Paper title: Towards Unified Prompt Tuning for Few-shot Text Classification
Paper URL: https://arxiv.org/abs/2205.05313

0 summary

Prompt-based fine-tuning improves the performance of pre-trained language models ( PLMs , Pre-trained Language Models) in few-shot text classification   by using task-specific hints .

  However, since PLMs are not familiar with prompt-style representations during pre-training, few-shot learning performance in downstream tasks is limited.

  It is desirable if the model can acquire some prompting knowledge prior to a specific NLP task.

  This paper proposes a UPT (Unified Prompt Tuning) framework to provide better few-shot text classification for BERT-style models by explicitly capturing prompt semantics from non-target NLP datasets. In UPT, a new paradigm Prompt-Options-Verbalizer ( POV ) is proposed for joint prompt learning of different NLP tasks, enabling PLMs to capture task-invariant prompting knowledge. In order to improve the generalization ability of PLM so that it can accurately adapt to previously unseen tasks, the author further designs a self-supervised task- Knowledge-enhanced Selective Masked Language Modeling ( KSMLM , knowledge-enhanced selective MLM) .

  After multi-task learning across multiple tasks, PLM can be better prompt-tuned for different target tasks with low resources.

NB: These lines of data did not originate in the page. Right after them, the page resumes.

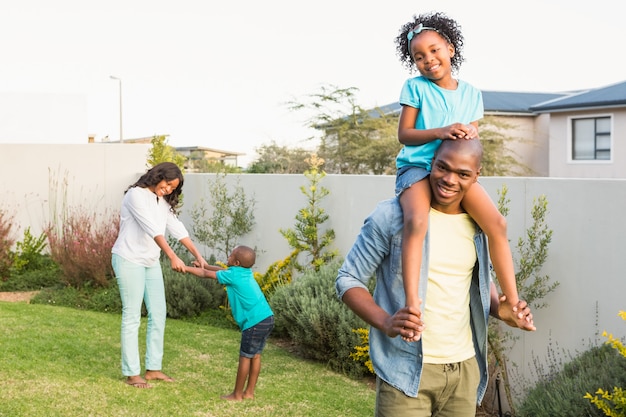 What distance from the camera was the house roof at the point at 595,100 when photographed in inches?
1112

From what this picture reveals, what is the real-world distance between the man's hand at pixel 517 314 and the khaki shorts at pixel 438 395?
22cm

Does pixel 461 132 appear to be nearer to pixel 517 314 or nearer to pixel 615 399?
pixel 517 314

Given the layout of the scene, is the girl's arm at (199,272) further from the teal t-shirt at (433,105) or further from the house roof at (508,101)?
the house roof at (508,101)

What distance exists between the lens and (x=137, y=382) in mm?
7547

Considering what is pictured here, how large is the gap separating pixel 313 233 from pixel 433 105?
22.3 feet

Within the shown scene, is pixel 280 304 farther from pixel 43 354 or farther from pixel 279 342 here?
pixel 43 354

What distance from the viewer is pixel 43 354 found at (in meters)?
8.67

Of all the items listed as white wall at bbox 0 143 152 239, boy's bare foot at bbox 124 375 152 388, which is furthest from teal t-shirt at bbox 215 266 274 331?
white wall at bbox 0 143 152 239

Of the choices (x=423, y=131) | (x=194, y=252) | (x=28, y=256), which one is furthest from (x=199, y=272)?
(x=28, y=256)

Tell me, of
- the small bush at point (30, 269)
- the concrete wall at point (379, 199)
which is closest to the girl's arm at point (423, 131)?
the concrete wall at point (379, 199)

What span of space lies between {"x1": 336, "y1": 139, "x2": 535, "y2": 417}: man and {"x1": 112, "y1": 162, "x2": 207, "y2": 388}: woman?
13.3ft

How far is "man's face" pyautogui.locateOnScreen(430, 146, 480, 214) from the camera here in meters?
3.25

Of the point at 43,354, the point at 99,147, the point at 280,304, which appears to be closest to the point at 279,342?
the point at 280,304

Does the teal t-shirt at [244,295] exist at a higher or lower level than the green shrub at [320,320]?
higher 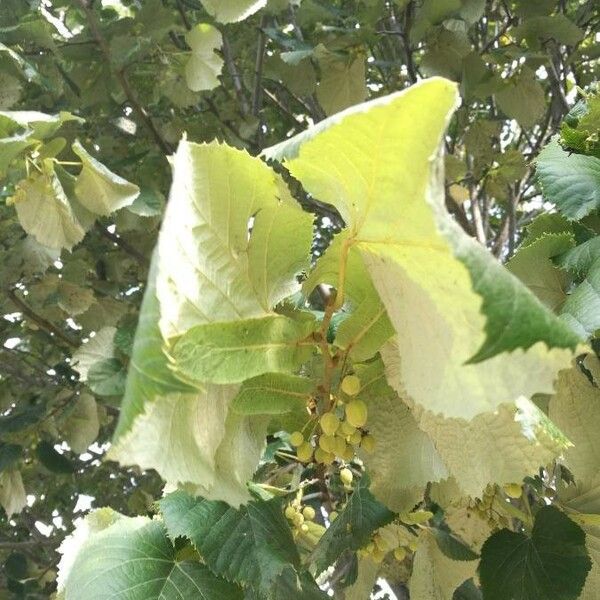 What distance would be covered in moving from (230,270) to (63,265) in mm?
1988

Experiments on various NLP tasks show that UPT outperforms SOTA in Prompt-based fine-tuning.

1 Introduction

  The emergence of pre-trained language models ( PLMs , Pre-trained Language Models) has improved the performance of various NLP tasks. However, during the fune-tuning process, PLMs perform poorly with fewer training samples due to model overfitting.

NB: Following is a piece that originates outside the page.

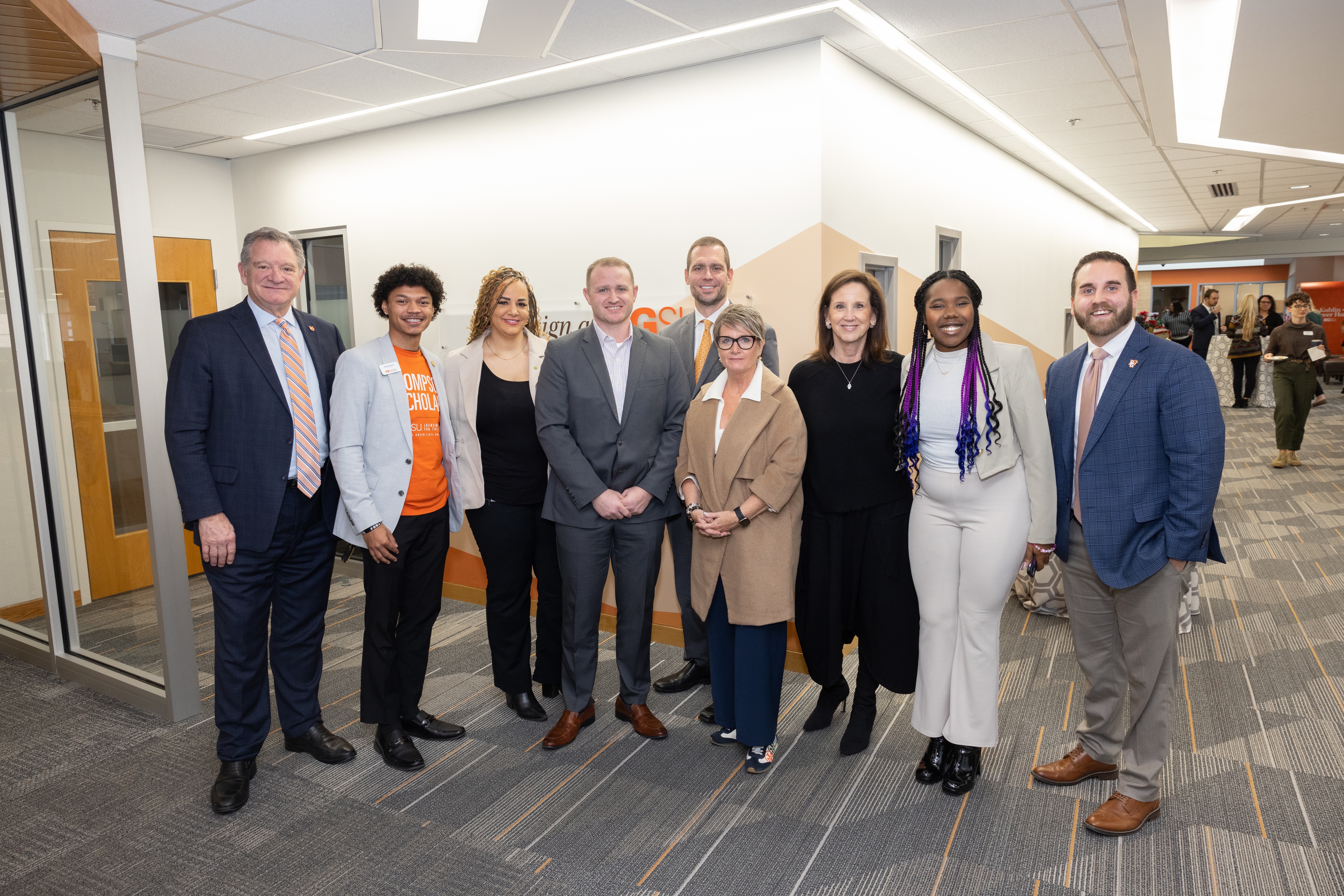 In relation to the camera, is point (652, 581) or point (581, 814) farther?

  To alleviate this problem in low-resource scenarios, natural language cues have been applied to PLMs for few-shot or zero-shot learning. To make prompts more flexible and applicable to individual tasks, prompt tuning freezes the PLM backbone and tunes the representation of prompts. This approach is especially suitable for very large PLMs that are difficult to fine-tune. For BERT-style PLMs, prompt-based fine-tuning is proposed to transform the text classification task into a cloze-style problem. Task-specific discrete templates with masked tokens will be added to the input text. The tokens at masked positions predicted by the MLM head are used for class label prediction. Therefore, the pre-trained knowledge acquired by PLMs can be better utilized by “reusing” the MLM training objectives. Due to the successful use of prompts in few-shot learning, various follow-up works such as continuous prompt encoding, just prompt learning and prompt generation have been performed.

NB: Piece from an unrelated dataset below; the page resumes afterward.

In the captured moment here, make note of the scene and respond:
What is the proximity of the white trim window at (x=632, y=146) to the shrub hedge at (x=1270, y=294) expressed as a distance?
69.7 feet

  Recently, there have been some works focusing on multi-task prompt-tuning on very large PLMs. Specifically, they fine-tune PLMs based on all training samples from different tasks, forcing PLMs to learn more prompting knowledge, and directly predict target tasks through zero-shot learning. However, the authors observe that for BERT-style PLMs, the performance is not satisfactory due to the following two reasons:

  1. These PLMs are sensitive to the design of different prompt templates and verbalizers, which cannot be adapted to the target tasks of new prompts and verbalizers;

  2. There is a difference in the lexical distribution of prompt-style text and sentences in the pre-training corpus.

  It would be even better if BERT-style PLMs could acquire some prompting knowledge before adapting to downstream tasks. Therefore, a question naturally arises: how to make BERT-style PLMs accurately adapt to the target NLP task with more prompting knowledge?

  To address these issues, we introduce a new framework, UPT (Unified Prompt Tuning) , to provide BERT-style models with better few-shot text classification performance by explicitly capturing universal prompt semantics from untargeted datasets. In particular, we propose the unified paradigm Prompt-Options-Verbalizer (POV) , which enables hybrid prompt-tuning for a range of different types of goal-free NLP tasks. To further improve the model's generalization ability to previously unseen tasks, we propose a new auxiliary task, Knowledge-enhanced Selective MLM (KSMLM) , which mimics the behavior of MLM, follows the POV paradigm, and uses explicit prompts. After multi-task training, the same prompting paradigm can be used to fine-tune the underlying PLM for any few-shot tasks.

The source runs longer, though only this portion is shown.